### The data:
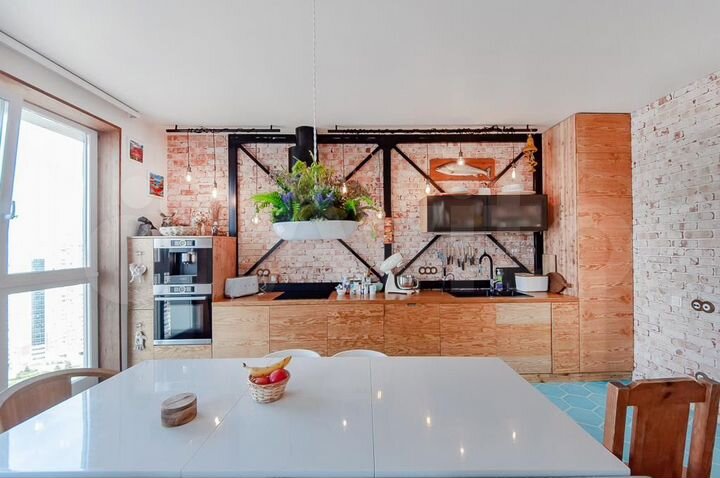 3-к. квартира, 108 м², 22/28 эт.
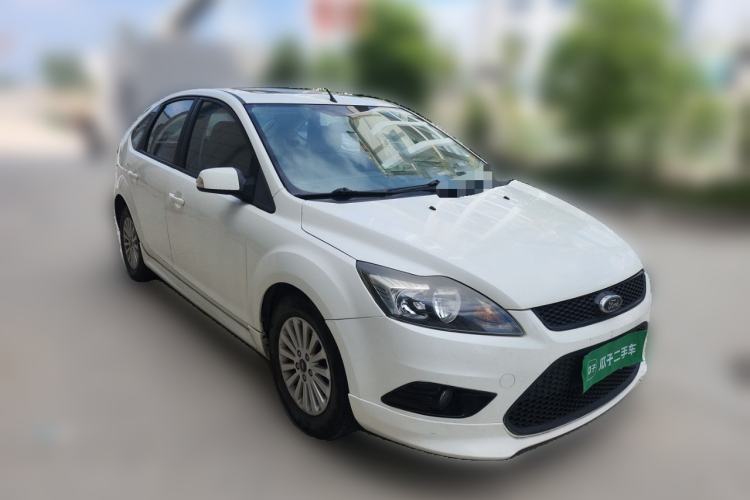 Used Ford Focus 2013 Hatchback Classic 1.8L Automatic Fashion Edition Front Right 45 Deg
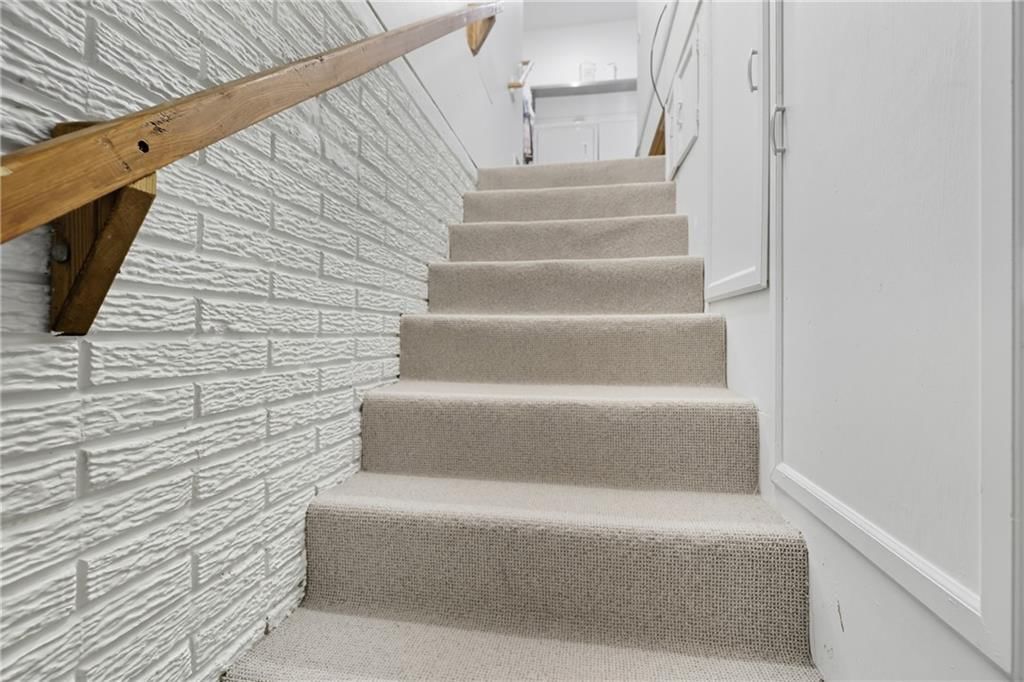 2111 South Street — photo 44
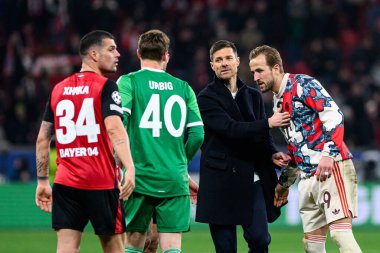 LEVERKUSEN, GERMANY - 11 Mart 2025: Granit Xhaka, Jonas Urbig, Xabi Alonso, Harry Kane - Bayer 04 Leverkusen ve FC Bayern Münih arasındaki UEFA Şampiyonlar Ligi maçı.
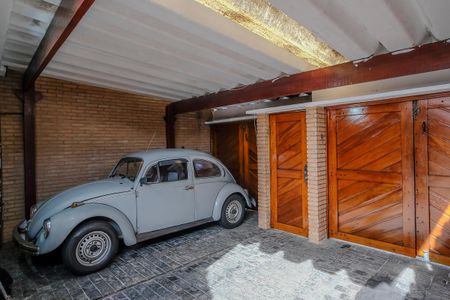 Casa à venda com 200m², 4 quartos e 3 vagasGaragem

### What you are asked to do:
Leaving the pictures aside, transcribe exactly the lines from the one containing "Used Ford Focus" to the final line of the entries above, both ends included.

### Solution for this exercise:
 Used Ford Focus 2013 Hatchback Classic 1.8L Automatic Fashion Edition Front Right 45 Deg
 2111 South Street — photo 44
 LEVERKUSEN, GERMANY - 11 Mart 2025: Granit Xhaka, Jonas Urbig, Xabi Alonso, Harry Kane - Bayer 04 Leverkusen ve FC Bayern Münih arasındaki UEFA Şampiyonlar Ligi maçı.
 Casa à venda com 200m², 4 quartos e 3 vagasGaragem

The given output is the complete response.